Este pensamiento le lleva a Amadeo. Lo ha tenido in mente durante los tres últimos días, pendiente de escribir sobre él para situarlo detrás de Arquiloco y Horacio, pero un cierto respeto y la necesidad de saber sobre la historia que quiere contar, le hacen calmar el ánimo, llamar por teléfono a su hermana y pedirle sus recuerdos sobre aquel hecho, que considera trascendental. Ella le responde con la misma historia que él conserva en la memoria, y en ella están los mismos detalles, la misma gestualidad. Es evidente que recuerdan ambos un hecho que les contara su padre, Amadeo, muchos años atrás, y que este hecho mantiene simultaneidad en las memorias de ambos porque fue contado de la misma manera una y otra vez.
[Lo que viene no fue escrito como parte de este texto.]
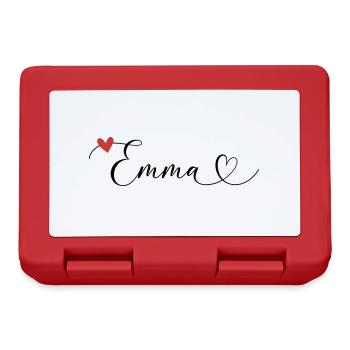 Emma Last name First name Calligraphy heart - Lunchbox - red - Front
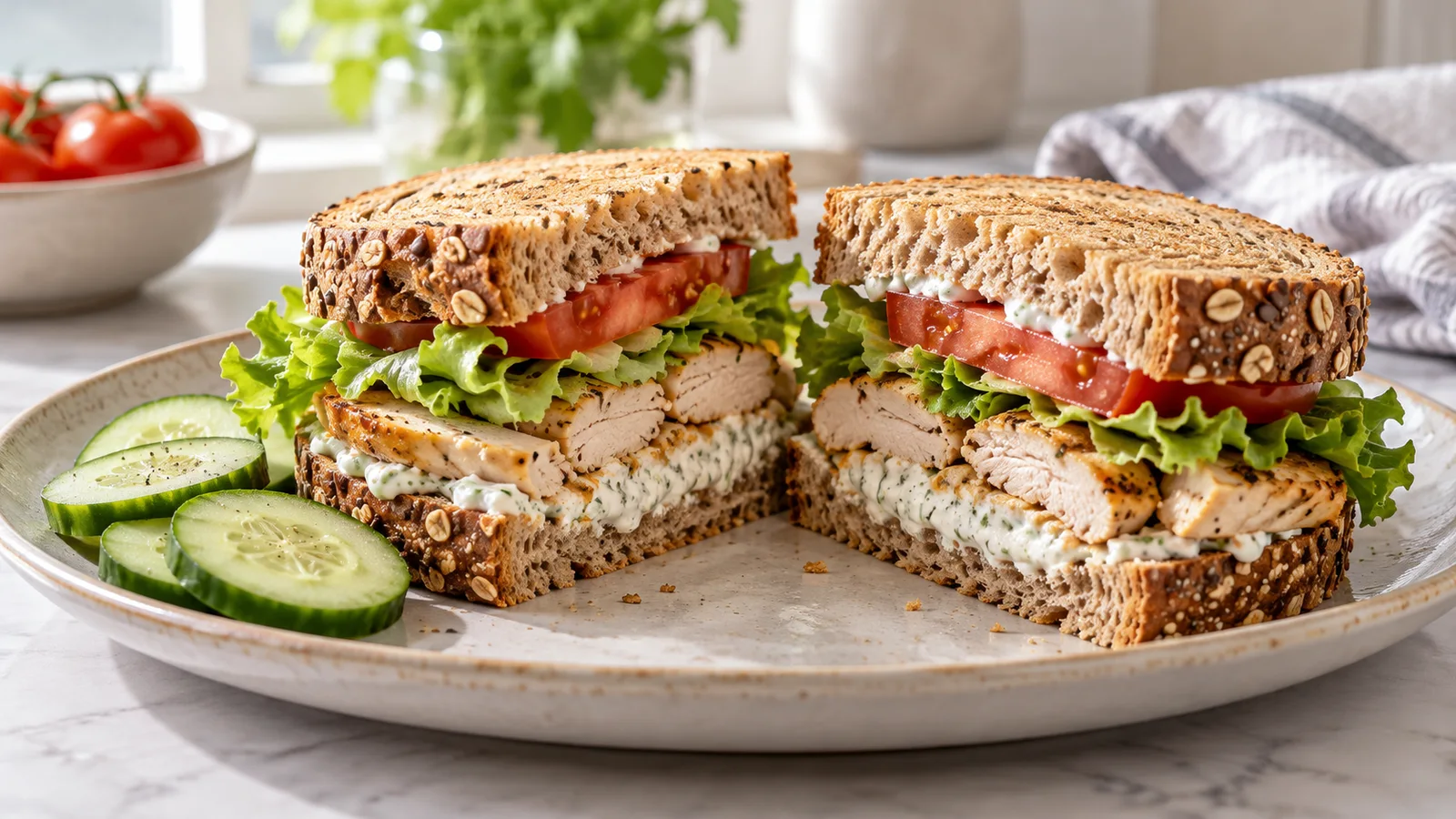 A whole-grain chicken sandwich with visible filling on a plate.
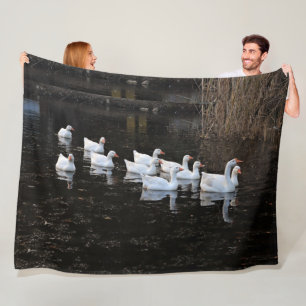 GEESE on the POND Fleece Blanket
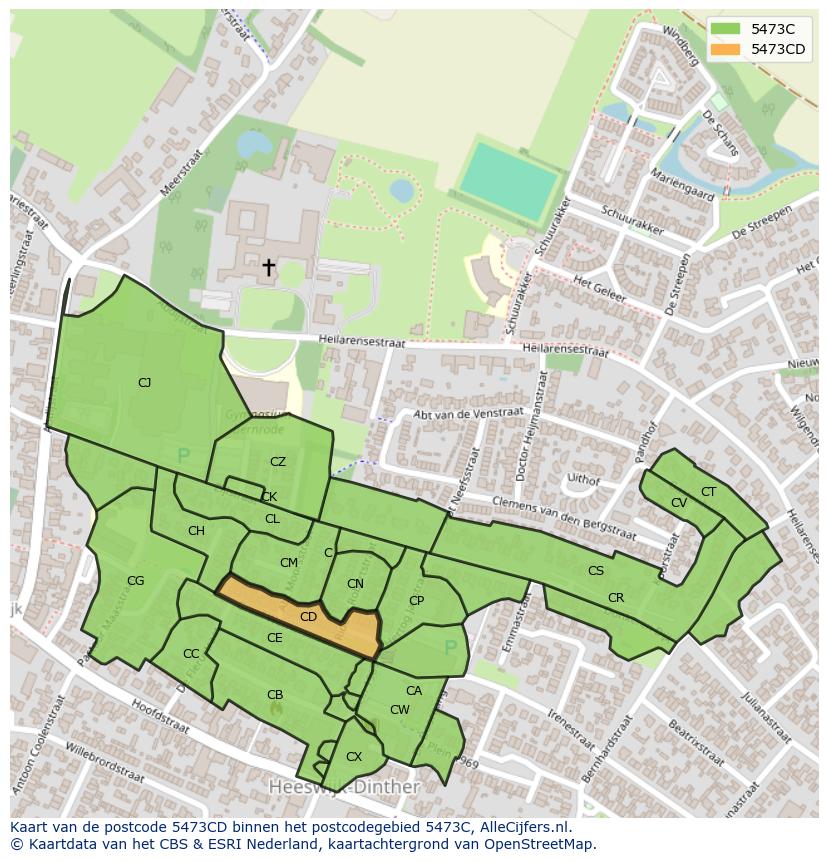 Afbeelding van het postcodegebied 5473 CD op de kaart.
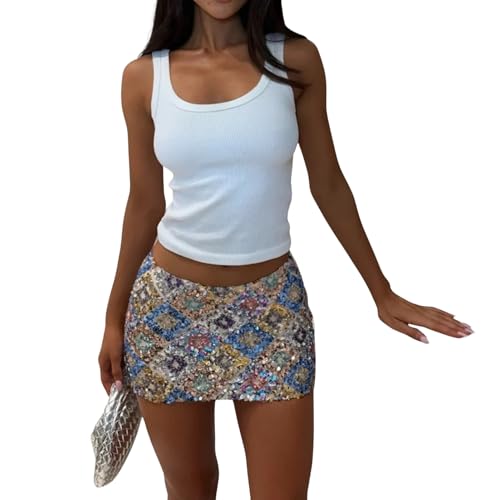 Women Summer Colorful Geometric Pattern Shiny Glitter Sequins Slim Elastic Low Waist Short Mini Bodycon Pencil Skirts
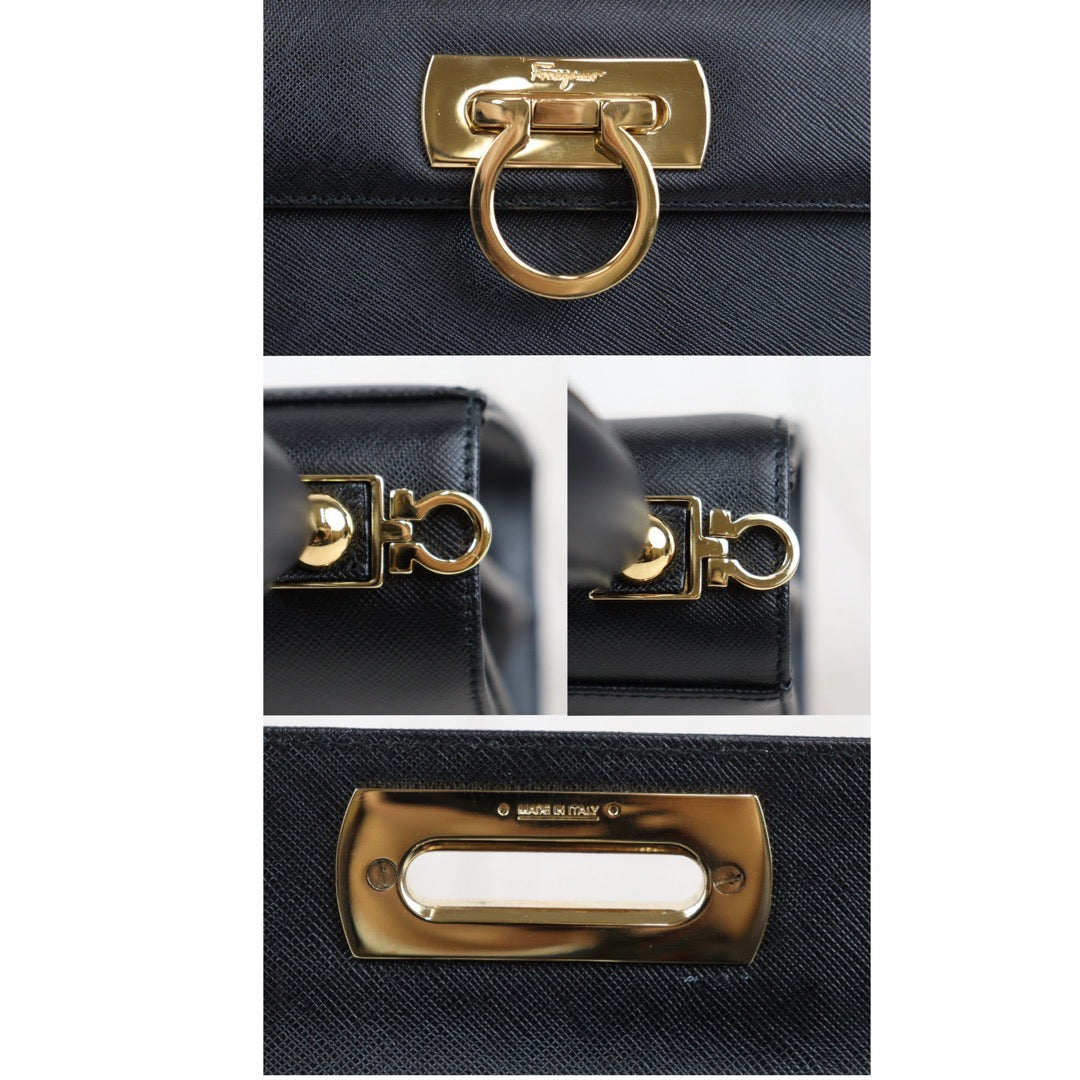 Rank A  ｜Ferragamo Gancini 2WAY Handbag  Shoulder Bag｜23122121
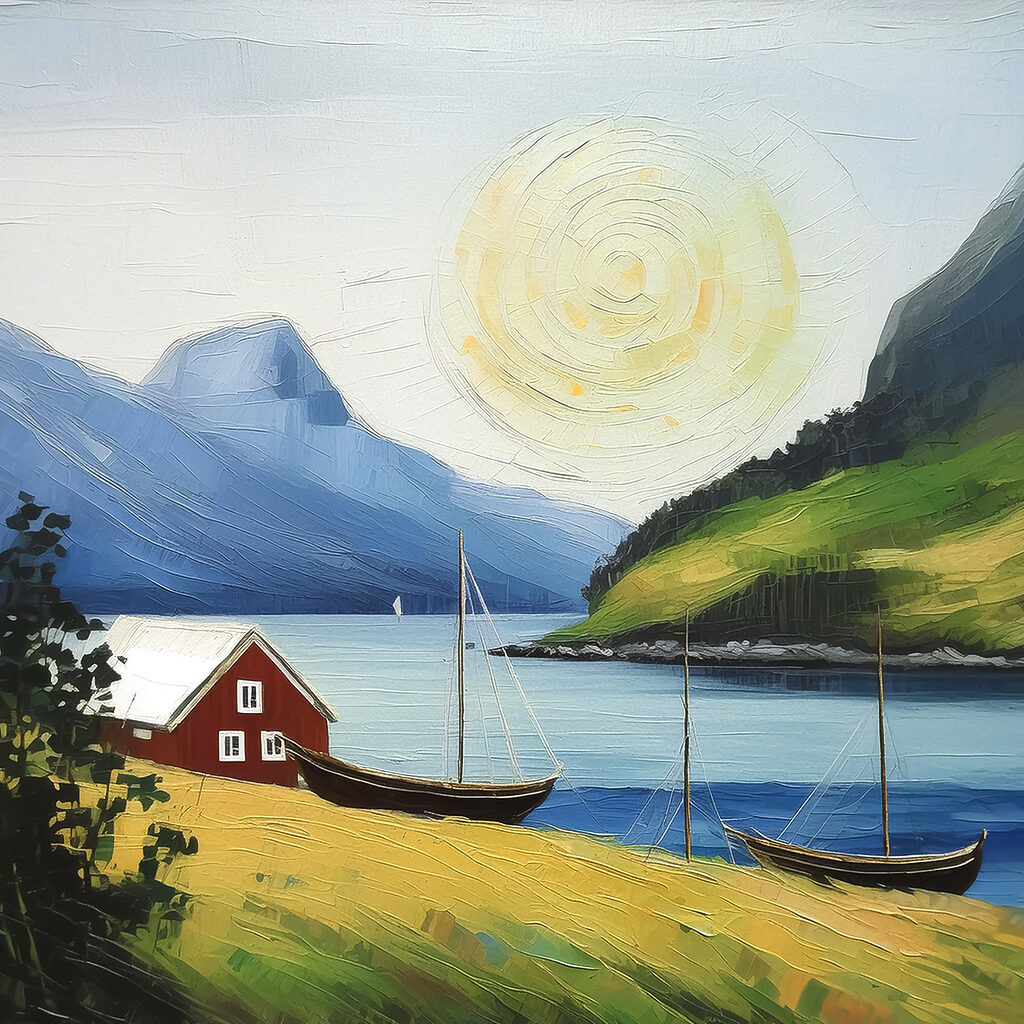 Maison rouge du fjord — motif complet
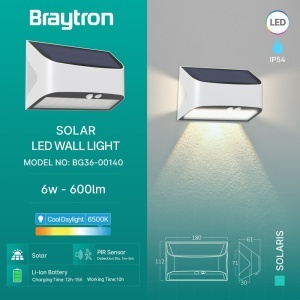 Solarna zidna lampa sa senzorom pokreta 6W — šema povezivanja sa svetlom ili LED trakom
Al ponerse a escribir tiene una idea en la cabeza que es la idea clave de este artículo: en el proceso de construcción de la identidad de cada uno, las figuras de la mitología cotidiana, aparecen correspondientes a la apariencia que han querido dar de si mismos sus poseedores. No conoce a su padre, muerto ya hace muchos años, cuando era más joven incluso de la edad que el hombre del prado tiene ahora. No le conoía porque los padres muestran a los hijos la cara formal de la personalidad, el aspecto positivo con el que no solo quieren educar sino salvar su apariencia y su memoria. Los padres, cuando no quieren ser oídos, hablan en voz baja; cuando no quieren ser vistos cierran la puerta; cuando no quieren ser juzgados emprenden la caminata por el disimulo. Todos somos honrados a los ojos de los demás: los padres más; y amantes. Sin tacha ni mácula, los padres se promueven como ejemplo y los hijos, al cabo de l tiempo los critican, abominan de ellos, se rebelan, se liberan y al cabo vuelven a estimarles: con todo no les conocen.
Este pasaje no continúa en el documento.